Elfes 19. L'Ermite de l'Ourann

S oixante ans ont passé mais l'âme de Cleeriis est toujours aussi lourde. D'un secret profondément enfoui est né un espoir fou, qui s'est cruellement transformé en une immense déception. La vieille dame se souvient : elle avait alors treize printemps, deux elfes blancs étaient venus de l'horizon lointain pour la trouver, elle, modeste pêcheuse de perles mais à la réputation solide de nageuse et de guide de l'île d'Ekrin. Un présage aurait relié la disparition de sa nourrice, l'érudite Nawel, au mythe concernant l'ancêtre originel des semi-elfes, ces membres bâtards mal considérés par les races pures. Reconnaissance pour les uns, outrage pour les autres, les révélations qui seraient portées au grand jour menaceraient l'équilibre bien-pensant du monde d'Arran.

Le scénariste Éric Corbeyran questionne et met à mal la morale dans cet épisode qui s'intéresse à l'origine des semi-elfes et par-delà, la thématique du métissage et du racisme.

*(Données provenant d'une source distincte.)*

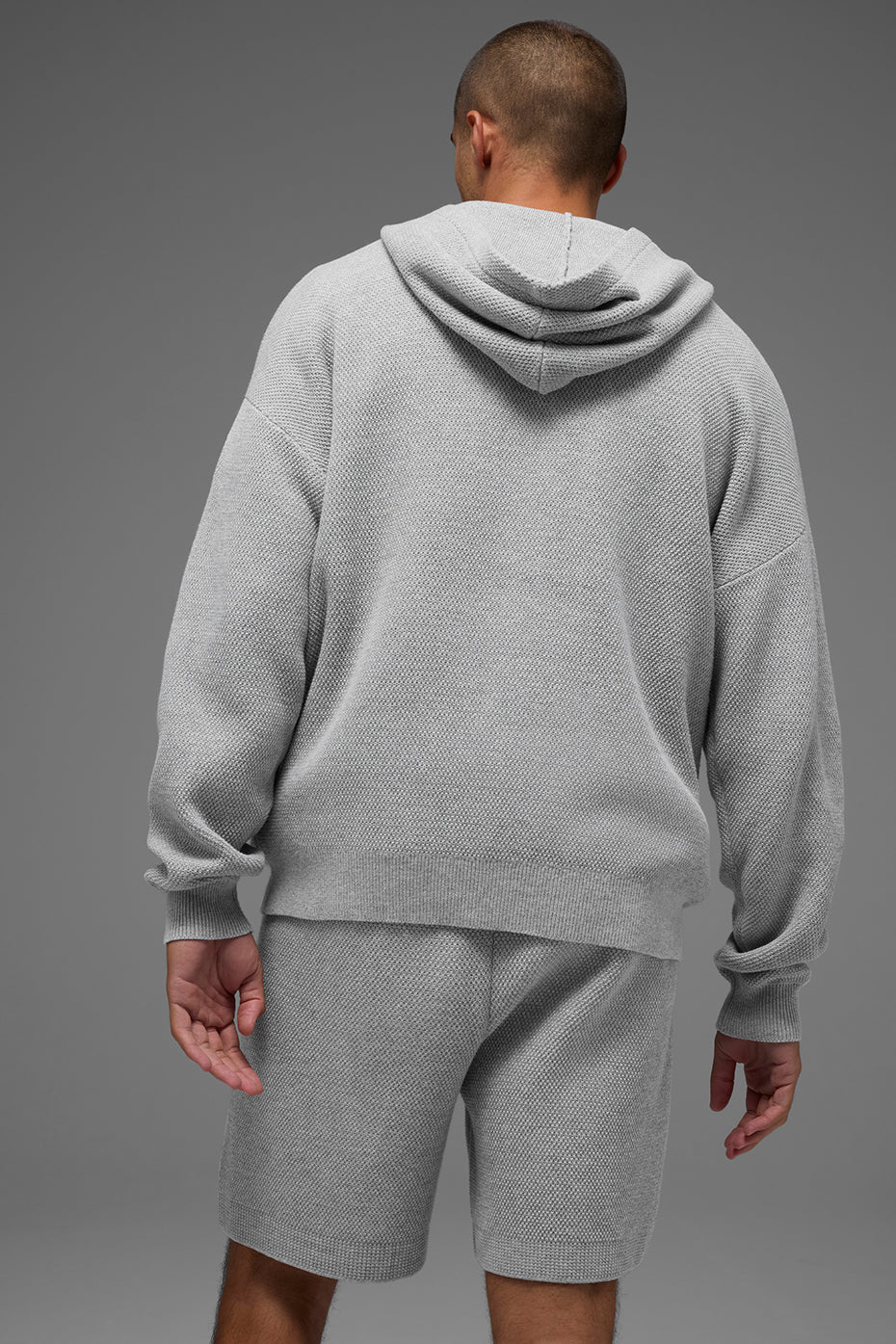 Sports Club Sweater Knit Hooded Sweatshirt — Athletic Heather Grey
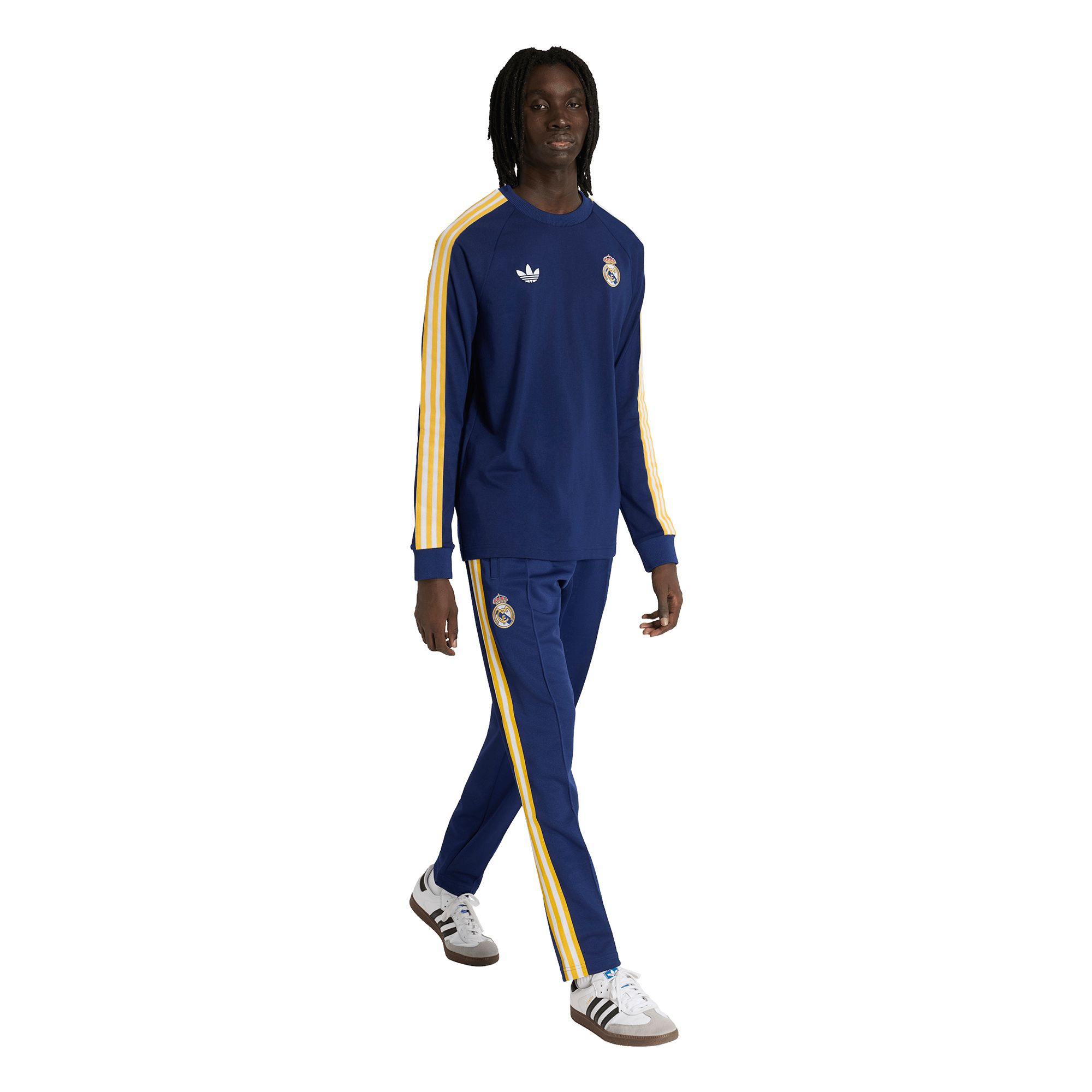 adidas Adult Real Madrid 2025-26 Navy OG Long Sleeve T-Shirt product image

L'intrigue prends le temps de présenter les différents protagonistes et dévoiler les enjeux, s'ensuit un périple mouvementé empreint de suspicion et... un dénouement violent, à l'image d'un nœud gordien : tranché en plein suspense et bouclé en quelques pages. Les personnages auxquels le lecteur s'était attachés disparaissent sans plus de cérémonie et les autres jettent leurs masques prestement, en révélant leurs sombres desseins. Cette conclusion sévère surprend par sa brutalité et sa rapidité, faisant regretter une chute qui aurait gagné à être plus subtile.

La finesse du trait de Bojan Vukic (dessinateur du tome quatorze) accorde précision et détails qui, associés au cadrage et aux perspectives sans faute, engendrent une lecture agréable et fluide. Seuls quelques petits défauts d'expressions au niveau des visages entachent sa partition, somme toute, relativement honorable.

Avec un démarrage en mode diesel et une fin abrupte, L'ermite de l'Ourann souffre d'un déséquilibre de rythme qui, au vu du potentiel de base, laisse poindre un rien de frustration.